§ **Listed records**:
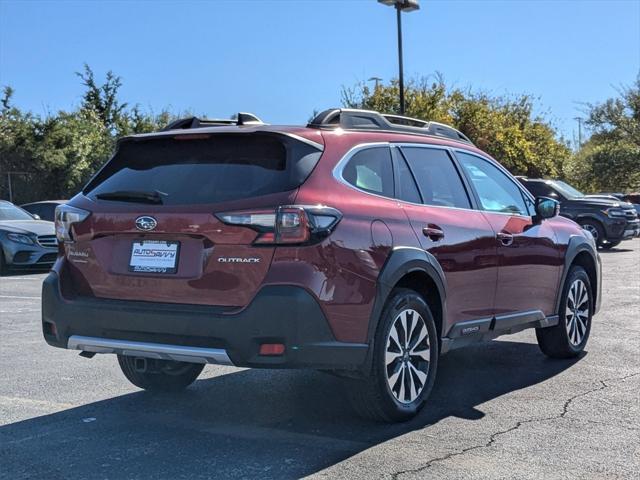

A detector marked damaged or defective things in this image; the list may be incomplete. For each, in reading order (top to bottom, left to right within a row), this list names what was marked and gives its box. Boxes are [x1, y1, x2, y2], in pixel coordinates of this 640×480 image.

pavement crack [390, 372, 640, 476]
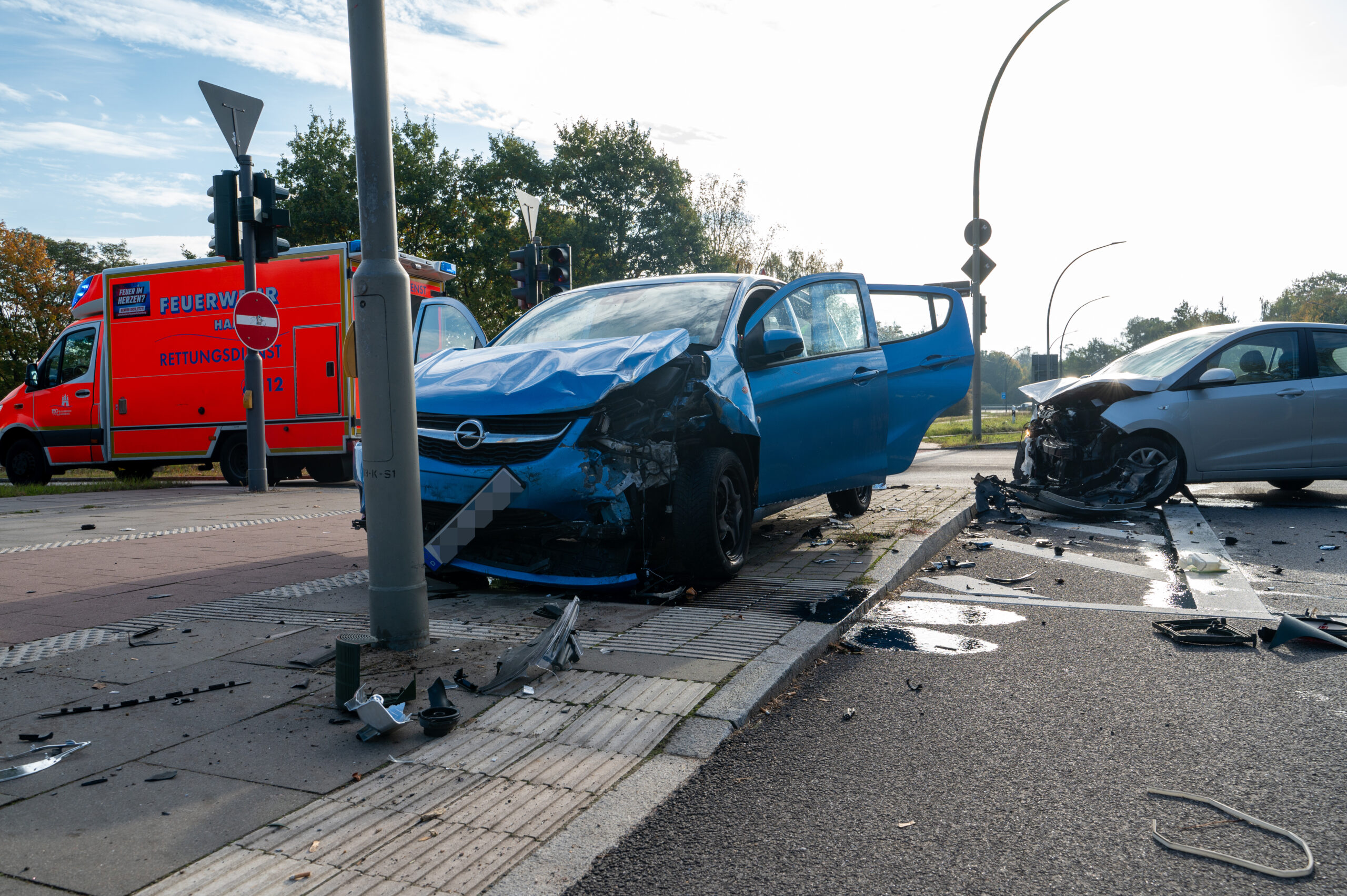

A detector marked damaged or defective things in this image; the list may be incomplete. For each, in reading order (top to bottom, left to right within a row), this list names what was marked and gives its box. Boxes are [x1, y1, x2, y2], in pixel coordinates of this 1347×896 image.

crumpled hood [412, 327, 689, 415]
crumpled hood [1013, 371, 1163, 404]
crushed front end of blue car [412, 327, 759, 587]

§ **Task prompt**: Set down exactly the lines above, from the one containing "this 1347×896 image." to the final line of the material, with both ends kept and no other lines.

§ **Written answer**:
A detector marked damaged or defective things in this image; the list may be incomplete. For each, in reading order (top to bottom, left to right within a row), this list names what was marked and gives its box. Boxes are [x1, y1, x2, y2], in pixel coordinates of this 1347×896 image.

crumpled hood [412, 327, 689, 415]
crumpled hood [1013, 371, 1163, 404]
crushed front end of blue car [412, 327, 759, 587]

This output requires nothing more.